Thoracic Surgery General Management III
Author: Ammar Asban, MD & Brian Mitzman, MD
Institution: University of Utah
Date Reviewed: March 2025
Original Case: Stephen Yang, MD
Learning Domain: General Thoracic
Learning Objective: Risk assessment and postoperative complications for pneumonectomy
PowerPoint File: TS03 - Thoracic Surgery General Management III.pptx
Learning Goals
- The basic level concepts focused on:
- Risk Assessment: Lung
- The advanced level concepts focused on:
- Postop Complications: Lung
Case #1
60 yo M presents with SOB on exertion. PFTs are performed. What does this P/V flow loop show?
Discussion
Case #2 Part 1
- 68 yo F presents for evaluation of a localized 2 cm NSCLC of the lingula.
- Work up included:
- ppoFEV1 30%
- DLCO 40%
- ECHO LVEF 50%, RVSP 30
- MVO2 max 8 ml/kg/min
- What should we offer this patient surgically, if anything?
Case #2 Part 2
- 68 yo F undergoes a RML/RLL bilobectomy.
- You reinflate the remaining RUL, but worry there will be a significant pleural space left.
- What are some maneuvers to minimize the pleural space?
Case #2 Part 3
1 after RLL lobectomy for NSCLC, you look at the patient and see this? What is going on and what do you do?
Case #3
- A 72 yo undergoes a VATS RUL lobectomy with lymph node dissection having a positive R10 LN
- On POD3, she is eating and walking with one chest tube
- The chest tube drainage begins to increase to between 1000-1500 cc of opalescent fluid in 24 hours.
- No organisms are identified in the fluid
- Diagnosis?
- Initial management should include?
Management of Chylothorax
- In postoperative setting
- Dietary control measures, fasting, low-fat diet and total parenteral nutrition
- What will you do if there is evidence of mediastinal shift?
- Adjunct therapy
- Somatostatin, octreotide, and midodrine
- How long would you monitor this patient and what type of intervention would you consider?
- Pleurodesis
- Thoracic duct embolization
- Thoracic duct disruption
- Thoracic duct ligation
- Combination therapy
Therapeutic lymphangiography for traumatic chylothorax. Hara et al. Journal of Vascular Surgery: Venous and Lymphatic Disorders, Volume 6, Issue 2, March 2018, Pages 237-240
Case #4
- 60 yo M construction worker with a 40-pack year smoking history was evaluated for resection of a carcinoma involving the bronchus intermedius
- Preoperative pulmonary function tests showed FVC = 2.5L, FEV1 = 1.8 L, DLCO = 35% of predicted, room air Pa02 = 60 mmHg
- What do his PFTs suggest and should he undergo resection?
Case #5 Part 1
- A 55 yo underwent a difficult right pneumonectomy for advanced NSCLC requiring intrapericardial dissection vessel control.

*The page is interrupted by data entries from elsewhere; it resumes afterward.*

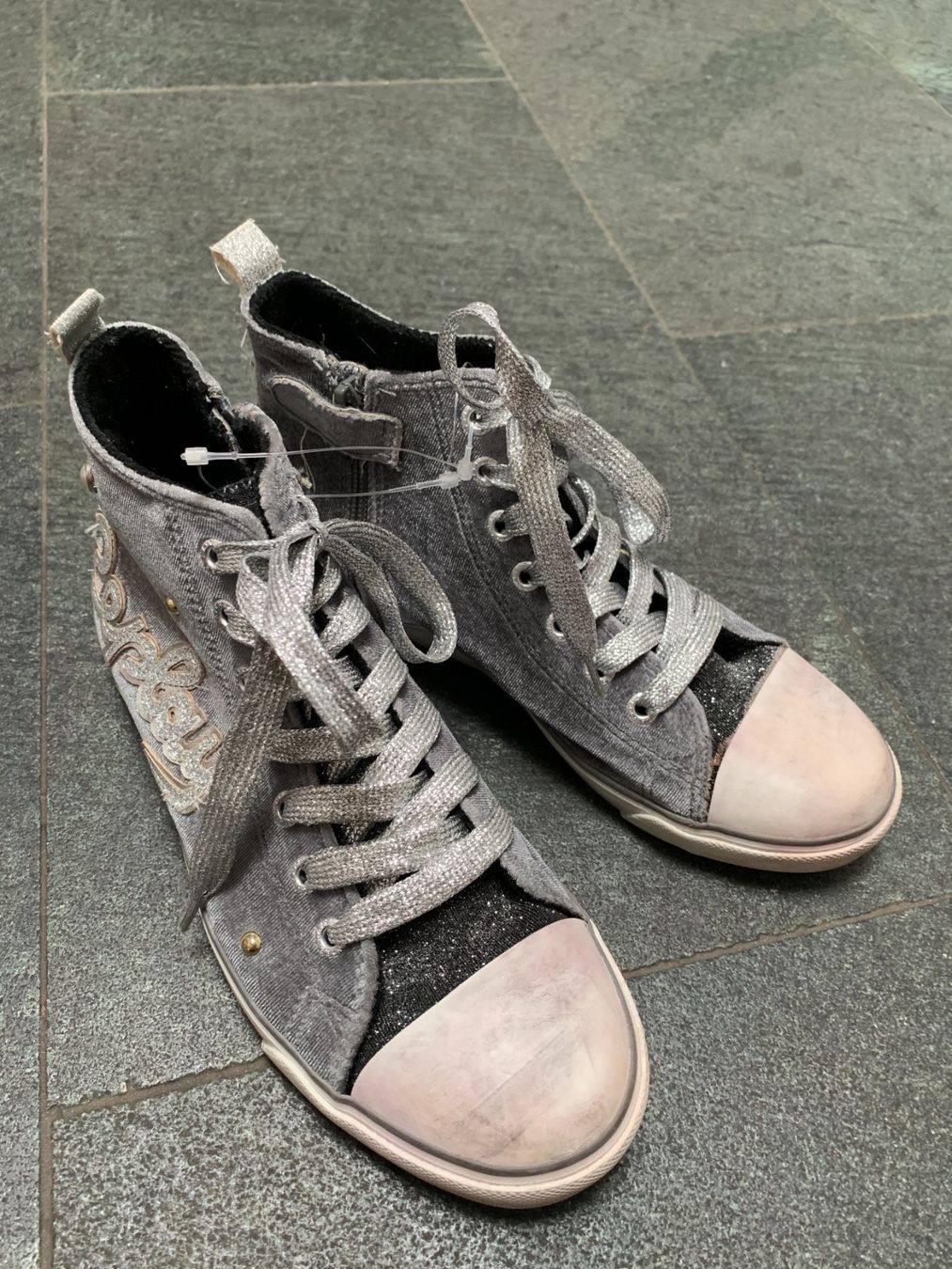 Replay Scarpe per ragazze: Replay Sneaker Mädchen Gr. 36 – Usato da Uitikon Waldegg venduto da daniela_diana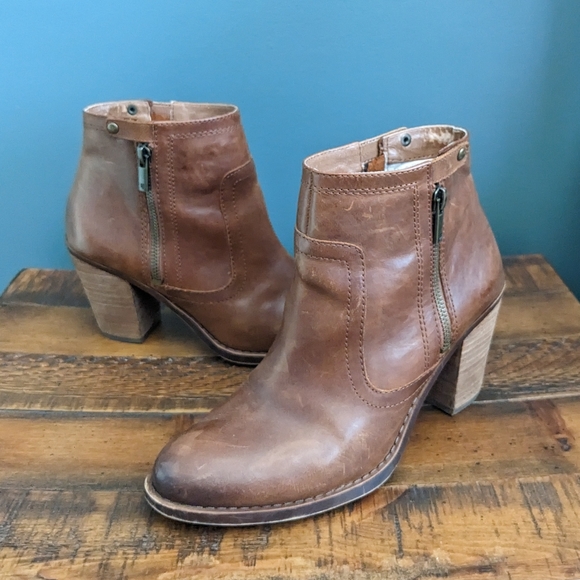 fossil leather ankle boots 7.5 - Picture 2 of 7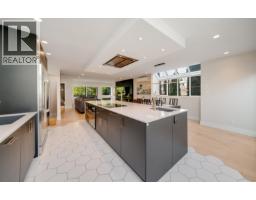2022 Chesterfield Avenue, North Vancouver, BC V7M2P6 Photo 9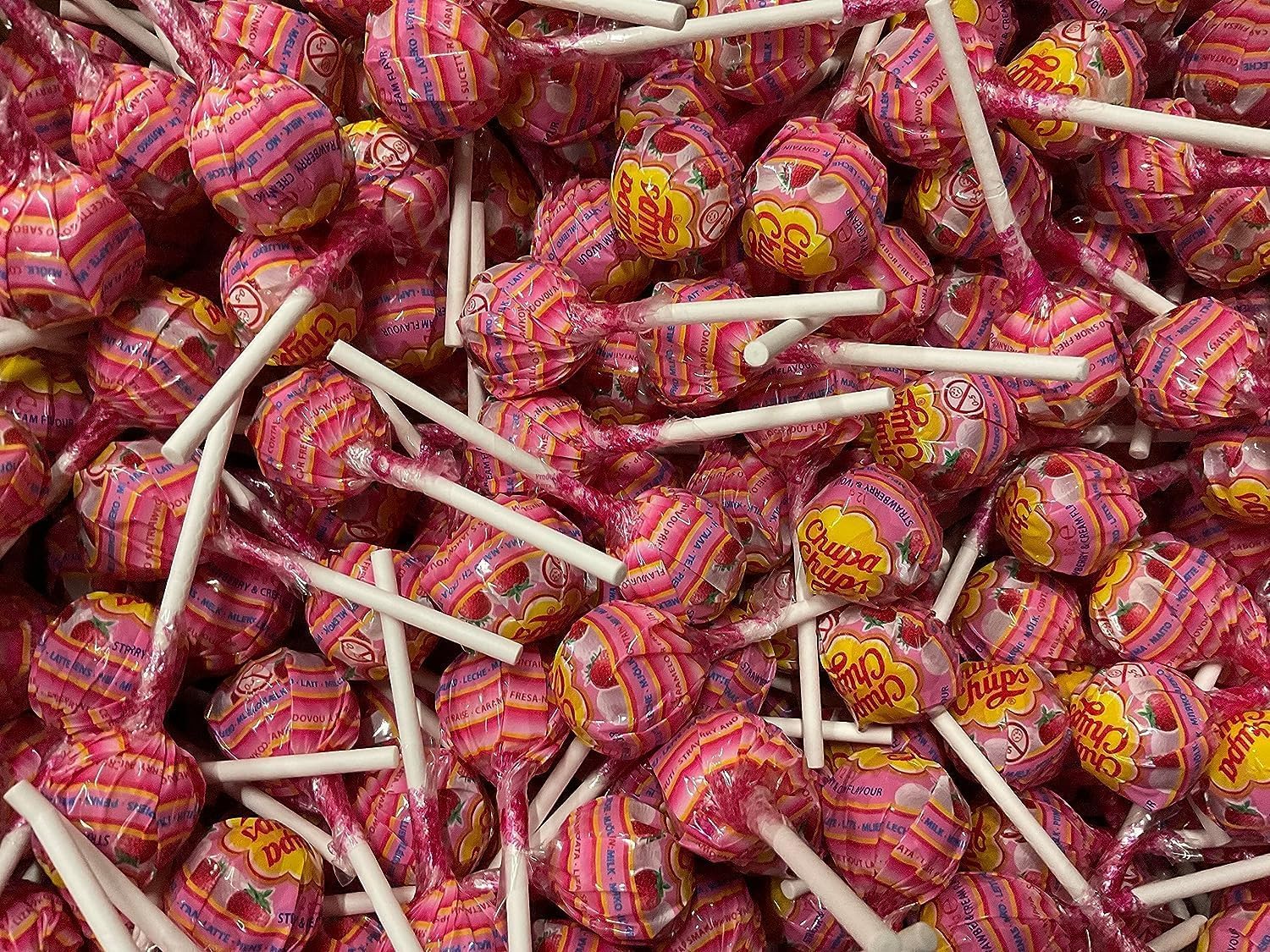 Chupa Chups Strawberry and Cream Lollipops – Bulk Pack of 50
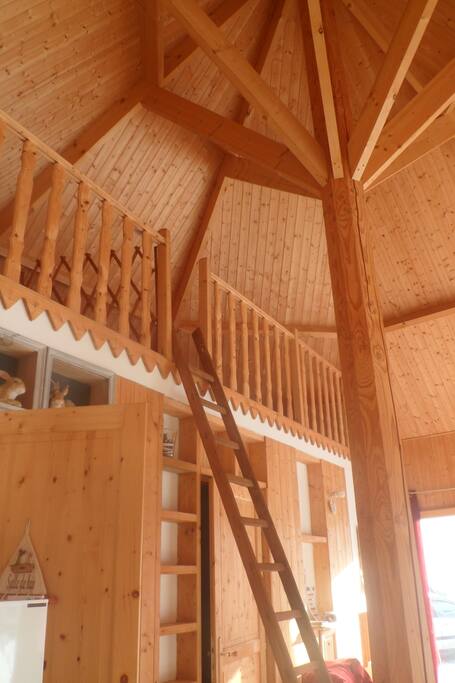 Accès à la chambre du haut par escalier meunier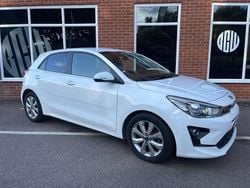White Used 2021 Kia Rio 3 Hatchback | £7,292 (Good price)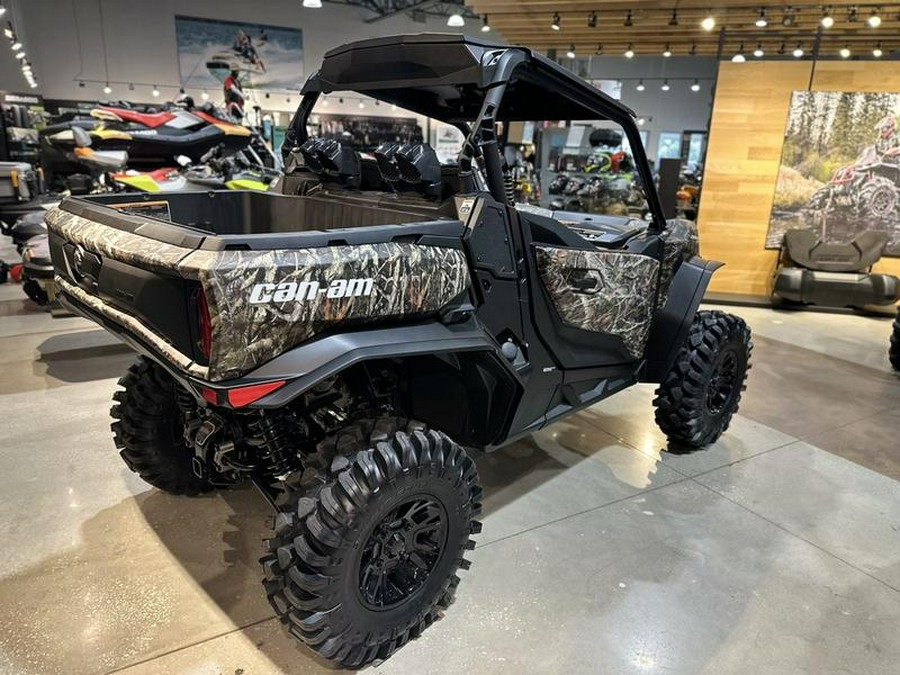 2026 Can-Am® Commander X mr 1000R Dark Wildland Camo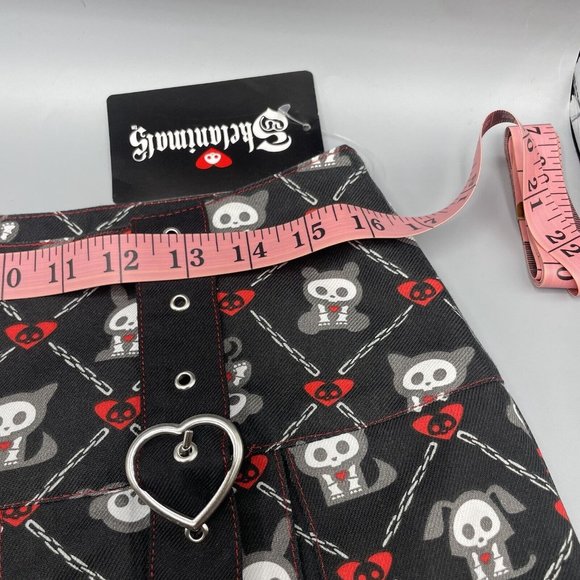 Skelanimals Grommet Strap Pleated Plaid Skirt Black Red LARGE New With Tags - Picture 4 of 9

- Preop PFTs were excellent and he is generally healthy
- POD2 he develops sudden SVT, hypotension and desaturation.
- Initial management of his SVT is unsuccessful
- CXR is shown. What next?
Case #5 Part 2
- 3 days after right pneumonectomy patient noted to have a new LLL infiltration, cough, frothy sputum, and respiratory failure
- What is your differential diagnosis?
- How will you proceed to work this up?
- What is the most common cause?
- How would you manage this patient?
- What operation would you offer this patient?
Case #5 Part 3
- 6 weeks after right pneumonectomy patient comes to clinic with fever, new onset cough productive blood-tinged sputum. CXR shows air-fluid level in the right hemothorax
- What is your work up?
- What your differential diagnosis?
- How would you manage this patient?
Case #6
- Your 71yo M patient is undergoing a routine RUL VATS lobectomy.
- Prior to induction of anesthesia, a right subclavian catheter is placed for IV access.
- During placement develops pulmonary wheezing, tachypnea, and tachycardia. Physical exam reveals a "mill wheel" churning murmur.
- What is done next?
Case #7
- A 72 yo M is 1 year out following R pneumonectomy for T2N0 NSCLC Has been doing well except for progressive SOB since surgery Particularly worse since the last clinic visit 4 months ago
- CXR is shown
- What next?
Discussion: Post-pneumonectomy Syndrome
Case #8
- 65-year-old man underwent uneventful right pneumonectomy for lung cancer.
- POD1, he experienced profound dyspnea when standing. His BP was 120/80 with a HR of 88 both standing and supine. His O2 sat was 92% on room air while in the supine position and was 80% in the standing position.
- The patient has no significant cardiopulmonary history and his preoperative pulmonary function tests were excellent.
- What is done next? What is the diagnosis?